1.1 Name. The name of this organization is the Tennessee Society of Certified Public Accountants.

1.2 Purpose. The purpose and objectives of the Society shall be to establish and require of certified public accountants in Tennessee such standards of integrity, ability and professional conduct as will be in the best interest of the public and the profession; provide and promote quality education in the technical, ethical and managerial aspects of the profession; generate a public understanding of the role of the profession in the free enterprise economic system; provide a forum for the discussion and resolution of issues of concern to its members and the profession; provide opportunities for the exchange of experiences and opinions of its members and others through discussion, study and publications; develop and maintain liaison with governmental agencies and taxing authorities; and do all other reasonable and lawful things to advance the accounting profession and to protect the public interest.

Article 2 – Membership | back to top

2.1 Members. Members of the Society shall be the members of the Society on the effective date of these bylaws and persons who shall qualify for admission as provided in section 2.3 and who shall be admitted under procedures adopted by the board of directors.

2.2 Classes of members. Membership in the Society may be fellow, provisional, associate, student, life and honorary. Other membership classifications may be established by the Council for identifying areas and types of practice and expertise, and for establishing a schedule of membership dues as provided in section 2.6. Other classes of membership in a chapter shall not be prohibited.

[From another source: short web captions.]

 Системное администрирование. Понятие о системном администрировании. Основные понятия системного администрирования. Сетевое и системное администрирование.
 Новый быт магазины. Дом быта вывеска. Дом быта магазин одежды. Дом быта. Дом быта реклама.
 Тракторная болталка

2.3 Qualifications. Persons of good moral character and professional standing who are in possession of a valid and unrevoked certified public accountant certificate issued by a legally constituted state authority may qualify for admission as fellow members. Persons who do not reside or practice as certified public accountants in this state may qualify for admission as non-resident fellow members.
     Persons of good moral character and professional standing who shall have passed an examination in accounting and other related subjects satisfactory to the Council may qualify for admission as provisional members.
     Persons who have completed the requirements and are eligible to sit for the examination for Certified Public Accountants and work under the supervision of a member of the Tennessee Society of Certified Public Accountants may qualify for admission as associate members.
     Persons majoring in accounting at a recognized college or university may qualify for admission as student members.
     Persons who have been fellow members of the Society in good standing for at least twenty-five years, have reached the age of sixty-five years and have performed valuable service to the Society as defined by the Board of Directors, may be elected life members by the Council upon recommendation of a chapter, however, persons who have been fellow members of the Society in good standing for at least forty years shall automatically become life members of the Society.
     Persons who have demonstrated an active interest in the profession and have made outstanding contributions to the purposes of the Society may be elected honorary members by the Council.

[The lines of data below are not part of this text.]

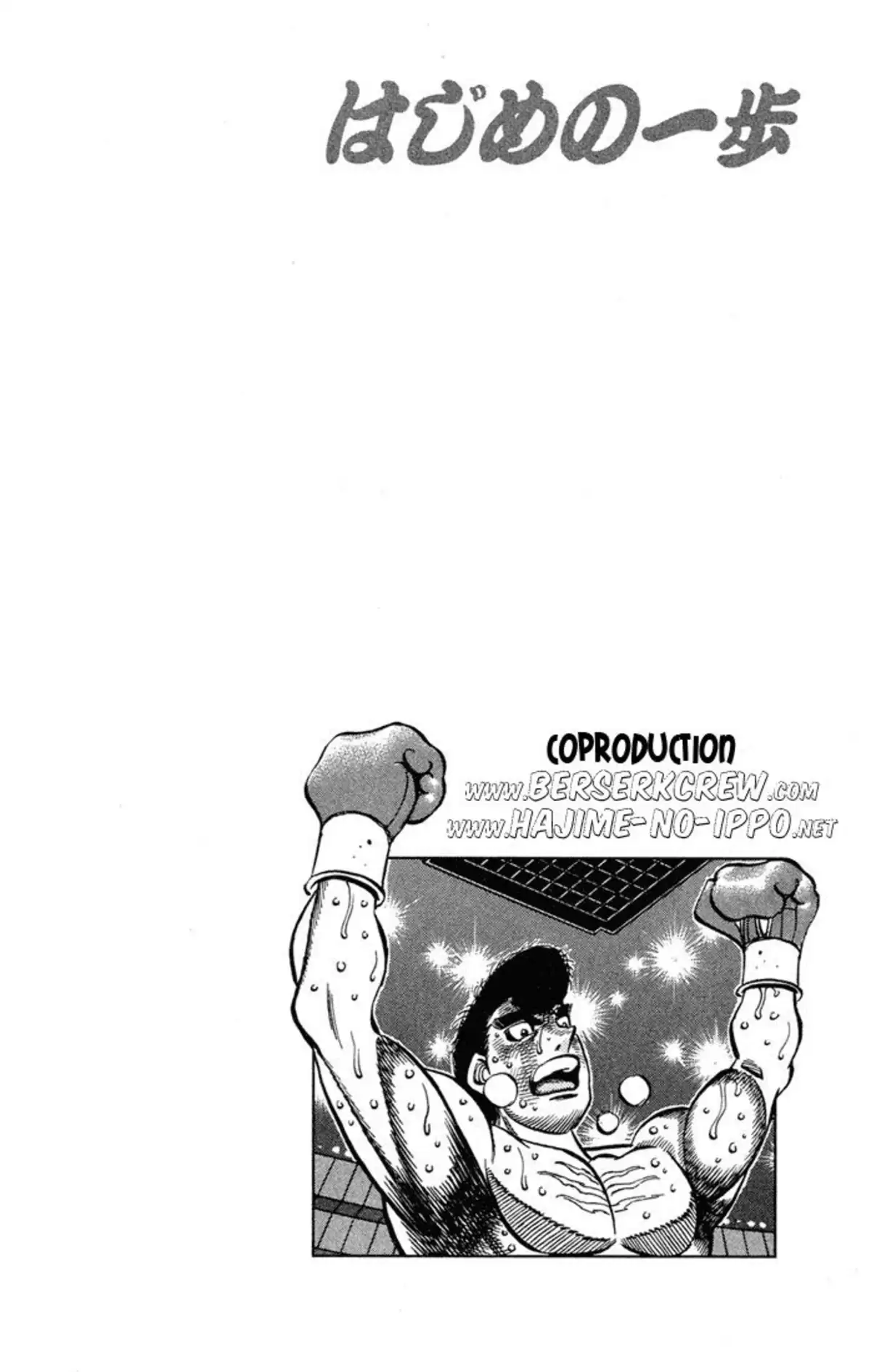 Hajime no Ippo Volume 60 page 92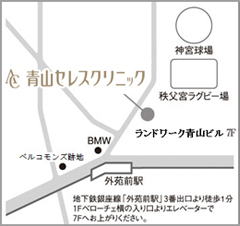 青山セレスクリニック東京青山院地図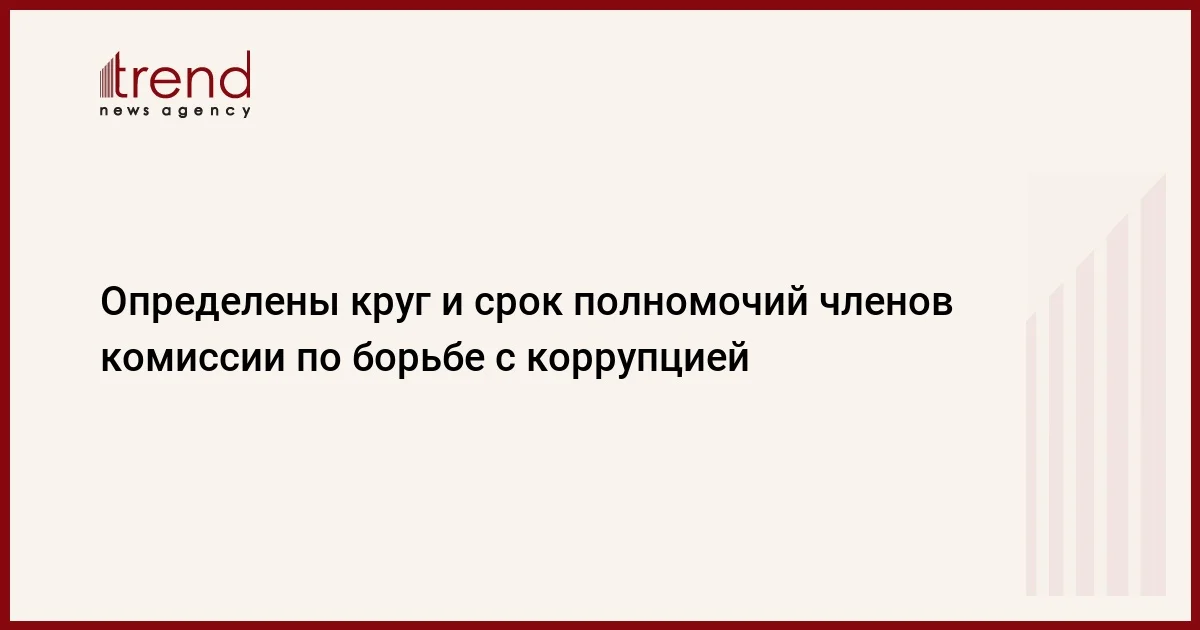 Определены круг и срок полномочий членов комиссии по борьбе с коррупцией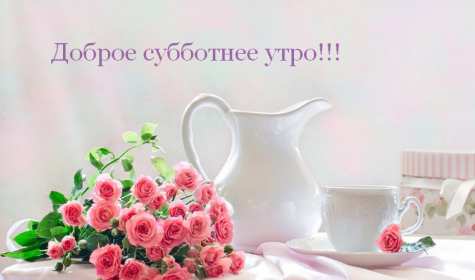 Доброе утро суббота Открытка доброе утро суббота, с добрым утром в субботу, субботы Открытки картинки доброго утра субботы, с добрым утром суббота, открытки картинки суббота доброе утро, с добрым субботним утром, красивая открытка доброе утро суббота скачать бесплатно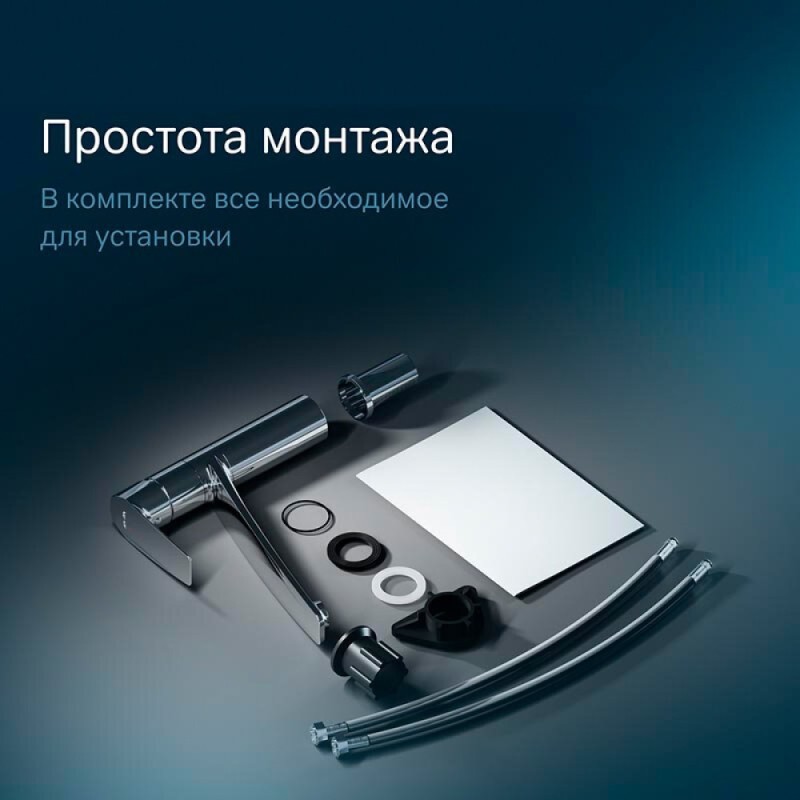 Смеситель Am.Pm Gem F90A00000 для кухни, хром
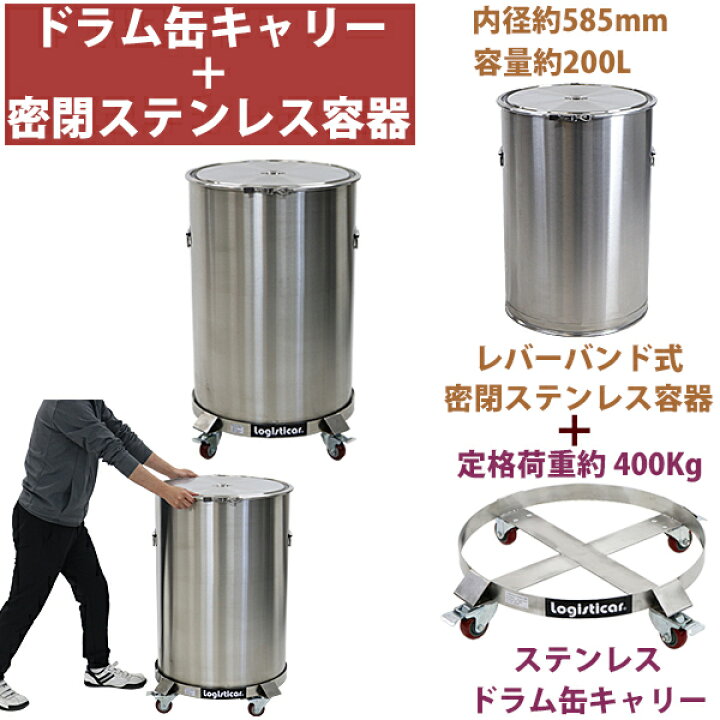 楽天市場】ステンレス製ドラム缶キャリー 密閉ステンレス容器 深さ約 
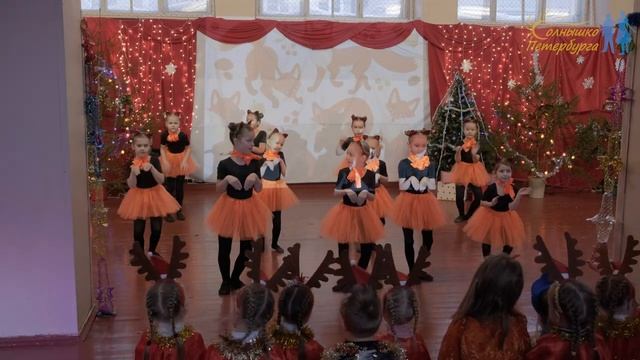 Танец Лисичек смотреть онлайн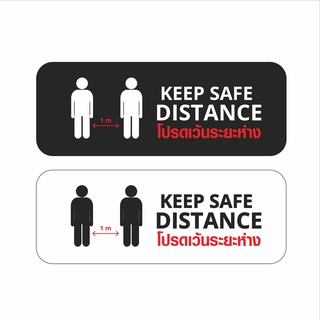 สติ๊กเกอร์ เตือนเว้นระยะห่าง KEEP SAFE DISTANCE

2.4 Attendance at meetings. Every member of the Society shall be entitled to attend all meetings of the Society, the Council and the board of directors.

2.5 Voting rights. Every fellow and life member shall be entitled to vote in person, when in attendance, upon all questions brought before duly called meetings of the Society, and by mail ballot on proposed amendments to these bylaws and upon proposed resolutions of the membership.

2.6 Dues and fees. The Council shall determine annual dues and admission fees which shall be paid by each member in accordance with such classifications as it deems appropriate, and may require dues of a different amount of each class so created. Each chapter may determine annual chapter dues and admission fees. Dues and fees shall be payable in such manner as the Board of Directors shall prescribe.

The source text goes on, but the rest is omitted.